**DATA PROVIDED:**
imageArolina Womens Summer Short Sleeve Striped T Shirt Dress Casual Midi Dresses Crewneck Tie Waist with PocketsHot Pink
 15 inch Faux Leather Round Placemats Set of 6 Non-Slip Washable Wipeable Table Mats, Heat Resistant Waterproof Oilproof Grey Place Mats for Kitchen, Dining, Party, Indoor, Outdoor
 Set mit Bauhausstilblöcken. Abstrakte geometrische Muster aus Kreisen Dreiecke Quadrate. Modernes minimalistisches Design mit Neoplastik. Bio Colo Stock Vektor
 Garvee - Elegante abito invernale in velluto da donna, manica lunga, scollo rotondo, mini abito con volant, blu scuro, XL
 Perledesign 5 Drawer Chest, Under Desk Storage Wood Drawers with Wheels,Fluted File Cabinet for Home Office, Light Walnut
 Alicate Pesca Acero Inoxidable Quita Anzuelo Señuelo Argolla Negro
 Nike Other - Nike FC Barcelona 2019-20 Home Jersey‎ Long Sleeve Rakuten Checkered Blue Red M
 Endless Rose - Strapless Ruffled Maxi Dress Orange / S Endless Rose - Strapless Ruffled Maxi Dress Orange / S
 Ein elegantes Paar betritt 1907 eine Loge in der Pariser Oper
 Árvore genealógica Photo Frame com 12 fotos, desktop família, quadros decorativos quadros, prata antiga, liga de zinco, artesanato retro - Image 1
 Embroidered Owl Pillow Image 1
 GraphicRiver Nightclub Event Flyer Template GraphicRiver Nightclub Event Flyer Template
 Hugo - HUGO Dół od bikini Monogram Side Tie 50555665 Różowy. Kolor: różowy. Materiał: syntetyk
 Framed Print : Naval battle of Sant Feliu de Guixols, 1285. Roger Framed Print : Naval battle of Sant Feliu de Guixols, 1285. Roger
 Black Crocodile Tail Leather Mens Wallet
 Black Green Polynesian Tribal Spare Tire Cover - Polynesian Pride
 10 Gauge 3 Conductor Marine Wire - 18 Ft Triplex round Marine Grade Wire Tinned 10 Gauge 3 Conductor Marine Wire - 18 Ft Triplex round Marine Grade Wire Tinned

**WORK TO COMPLETE:**
Would you copy every line of the entries that includes the word "Black"?

**YOUR SOLUTION:**
 Black Crocodile Tail Leather Mens Wallet
 Black Green Polynesian Tribal Spare Tire Cover - Polynesian Pride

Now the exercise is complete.